(Records excerpted from a collection)
━━━

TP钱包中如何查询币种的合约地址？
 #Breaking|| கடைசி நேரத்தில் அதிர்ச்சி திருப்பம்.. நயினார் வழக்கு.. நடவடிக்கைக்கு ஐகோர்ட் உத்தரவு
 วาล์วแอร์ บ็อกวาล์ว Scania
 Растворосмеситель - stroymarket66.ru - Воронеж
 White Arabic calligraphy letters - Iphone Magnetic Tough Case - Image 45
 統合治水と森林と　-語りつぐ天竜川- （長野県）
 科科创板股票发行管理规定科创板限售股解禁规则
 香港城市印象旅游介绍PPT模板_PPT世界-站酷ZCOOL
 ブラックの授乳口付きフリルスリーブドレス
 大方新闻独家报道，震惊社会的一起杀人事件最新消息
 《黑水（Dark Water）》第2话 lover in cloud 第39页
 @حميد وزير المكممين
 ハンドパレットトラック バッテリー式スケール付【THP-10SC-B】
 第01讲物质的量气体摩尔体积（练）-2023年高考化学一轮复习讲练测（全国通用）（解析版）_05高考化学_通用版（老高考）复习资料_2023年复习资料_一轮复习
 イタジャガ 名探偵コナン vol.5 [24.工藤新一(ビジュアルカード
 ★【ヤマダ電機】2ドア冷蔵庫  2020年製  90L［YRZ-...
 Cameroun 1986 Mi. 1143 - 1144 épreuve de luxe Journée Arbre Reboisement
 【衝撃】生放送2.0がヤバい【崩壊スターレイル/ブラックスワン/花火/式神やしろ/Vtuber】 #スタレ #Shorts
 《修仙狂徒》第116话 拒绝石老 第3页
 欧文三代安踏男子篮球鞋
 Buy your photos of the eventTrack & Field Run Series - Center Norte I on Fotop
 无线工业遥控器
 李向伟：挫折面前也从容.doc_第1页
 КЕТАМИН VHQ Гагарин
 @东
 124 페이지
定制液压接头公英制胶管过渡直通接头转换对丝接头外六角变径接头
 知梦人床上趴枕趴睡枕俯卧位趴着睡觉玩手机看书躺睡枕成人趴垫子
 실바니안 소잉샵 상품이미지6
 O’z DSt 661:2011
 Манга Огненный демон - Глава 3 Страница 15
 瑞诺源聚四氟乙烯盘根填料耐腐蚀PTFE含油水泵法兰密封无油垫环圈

━━━

What the task requires → What is needed is a word-for-word restatement of every line from the one with "White Arabic calligraphy" to the end of the entries above.

Expected output →
 White Arabic calligraphy letters - Iphone Magnetic Tough Case - Image 45
 統合治水と森林と　-語りつぐ天竜川- （長野県）
 科科创板股票发行管理规定科创板限售股解禁规则
 香港城市印象旅游介绍PPT模板_PPT世界-站酷ZCOOL
 ブラックの授乳口付きフリルスリーブドレス
 大方新闻独家报道，震惊社会的一起杀人事件最新消息
 《黑水（Dark Water）》第2话 lover in cloud 第39页
 @حميد وزير المكممين
 ハンドパレットトラック バッテリー式スケール付【THP-10SC-B】
 第01讲物质的量气体摩尔体积（练）-2023年高考化学一轮复习讲练测（全国通用）（解析版）_05高考化学_通用版（老高考）复习资料_2023年复习资料_一轮复习
 イタジャガ 名探偵コナン vol.5 [24.工藤新一(ビジュアルカード
 ★【ヤマダ電機】2ドア冷蔵庫  2020年製  90L［YRZ-...
 Cameroun 1986 Mi. 1143 - 1144 épreuve de luxe Journée Arbre Reboisement
 【衝撃】生放送2.0がヤバい【崩壊スターレイル/ブラックスワン/花火/式神やしろ/Vtuber】 #スタレ #Shorts
 《修仙狂徒》第116话 拒绝石老 第3页
 欧文三代安踏男子篮球鞋
 Buy your photos of the eventTrack & Field Run Series - Center Norte I on Fotop
 无线工业遥控器
 李向伟：挫折面前也从容.doc_第1页
 КЕТАМИН VHQ Гагарин
 @东
 124 페이지
定制液压接头公英制胶管过渡直通接头转换对丝接头外六角变径接头
 知梦人床上趴枕趴睡枕俯卧位趴着睡觉玩手机看书躺睡枕成人趴垫子
 실바니안 소잉샵 상품이미지6
 O’z DSt 661:2011
 Манга Огненный демон - Глава 3 Страница 15
 瑞诺源聚四氟乙烯盘根填料耐腐蚀PTFE含油水泵法兰密封无油垫环圈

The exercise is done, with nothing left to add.